Recensione: Into The Great Unknown
Ed ecco arrivare il secondo capitolo per gli svedesi Starchaser, capitanati dal chitarrista Kenneth Jonsson. Dopo aver lasciato i Tad Morose, Jonsson decide di realizzare un’album solista raccogliendo attorno a sé, musicisti d’esperienza come il cantante Ulrich Carlsson (ex M.ILL.ION), il bassista Örjan Josefsson (Cibola Junction), il tastierista Kay Backlund (Lions Share, Nils Patrik Johansson, Impera) ed il batterista Johan Kulberg distintosi con nomi quali Wolf, Therion ed Hammerfall.
Una squadra di buon livello nella quale si è creata una sorta di chimica vincente, tant’è che il sodalizio, viene subito promosso da progetto solista a band in piena regola, arrivando nel 2022 a esordire con l’album omonimo. A due anni di distanza ecco arrivare il secondo capitolo Into the Great Unknown, edito sempre da Frontiers sotto la supervisione del produttore Roger Bergsten. La formazione all’opera rimane la stessa del debutto, proponendo come genere un heavy/power moderno costruito su suoni pesanti ed un cantato particolarmente attento alla melodia.
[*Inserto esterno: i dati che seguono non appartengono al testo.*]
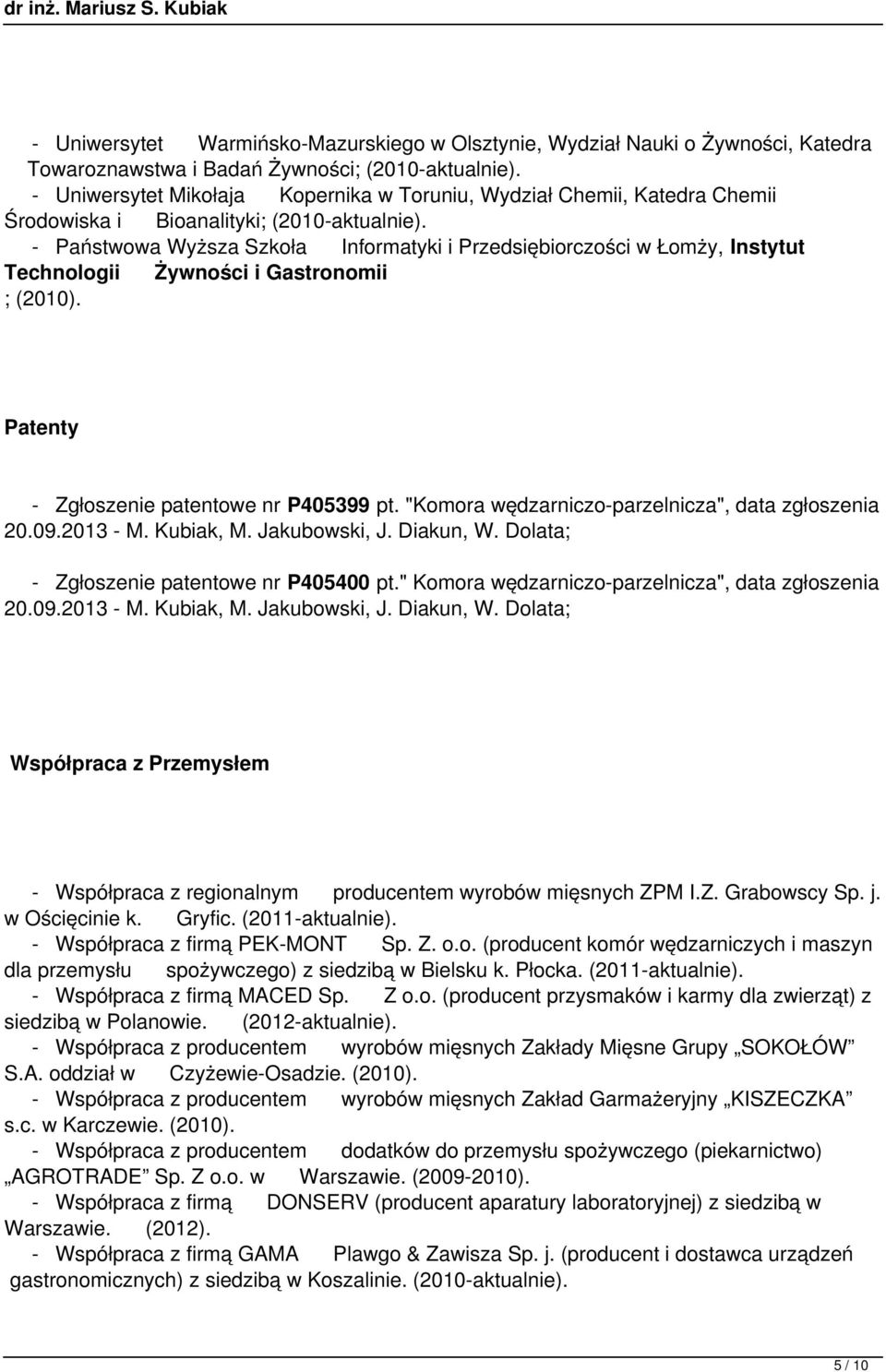 - Państwowa Wyższa Szkoła Informatyki i Przedsiębiorczości w Łomży, Instytut Technologii Żywności i Gastronomii ; (2010). Patenty - Zgłoszenie patentowe nr P405399 pt.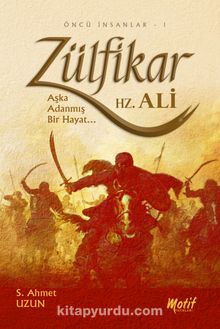 Zülfikar  & Aşka Adanmış Bir Hayat Hz.Ali 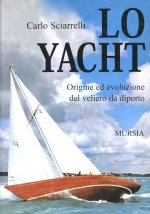 Lo yacht. Origine ed evoluzione del veliero da diporto
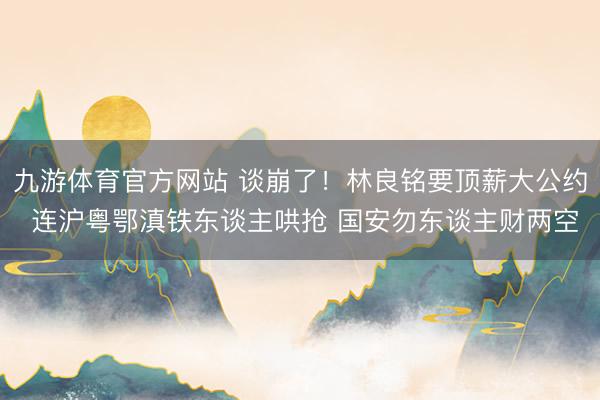 九游体育官方网站 谈崩了!林良铭要顶薪大公约 连沪粤鄂滇铁东谈主哄抢 国安勿东谈主财两空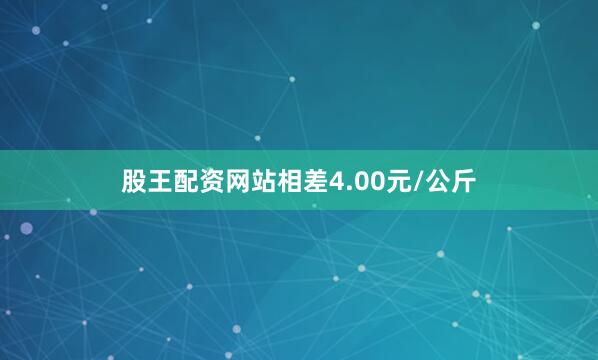 股王配资网站相差4.00元/公斤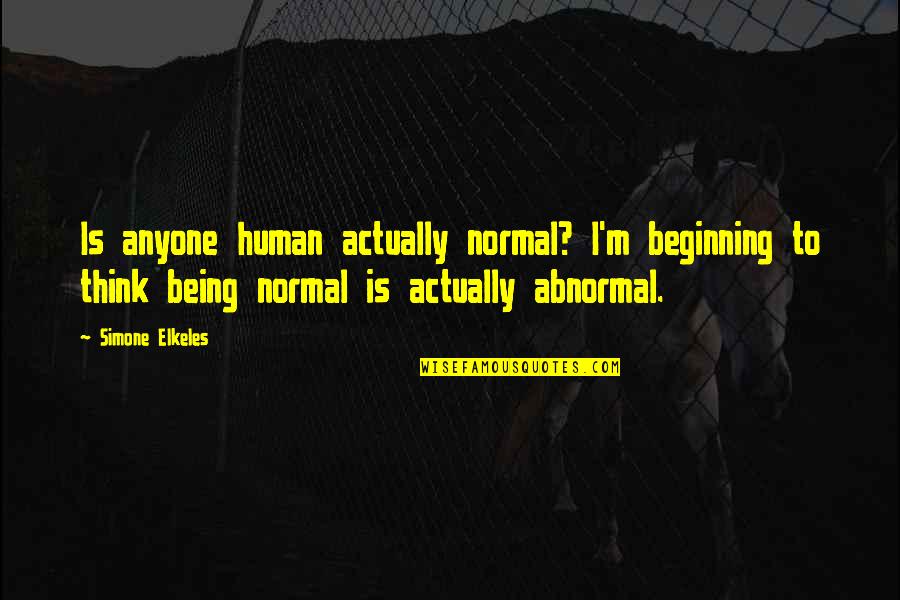 Damon Linker Quotes By Simone Elkeles: Is anyone human actually normal? I'm beginning to Damon Linker Quotes By Simone Elkeles: Is anyone human actually normal? I'm beginning to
Dopo un brevissimo intro, ci addentriamo subito nella title track, un pezzo con la potenza delle chitarre che va a braccetto assieme alle melodie vocali di Ulrich Carlsson. Battalion Of Heroes presenta le stesse caratteristiche, mostrando però un volto più cupo fino all’arrivo di un ritornello arioso. Su Who Am I si fa ricorso a dei brevi inserti sinfonici posti ad inizio e conclusione del pezzo, lasciando la parte centrale a solidi riff di chitarra. One By One inizia con una tastiera dal retrogusto industrial-goth ed una chitarra dal suono poderoso per poi esplodere in un’orecchiabile ritornello in stile hard rock.
Shooting Star alterna strofe cadenzate ad un solito ritornello di facile ascolto, con le tastiere che di tanto in tanto emergono ad affiancare i riff di Jonsson.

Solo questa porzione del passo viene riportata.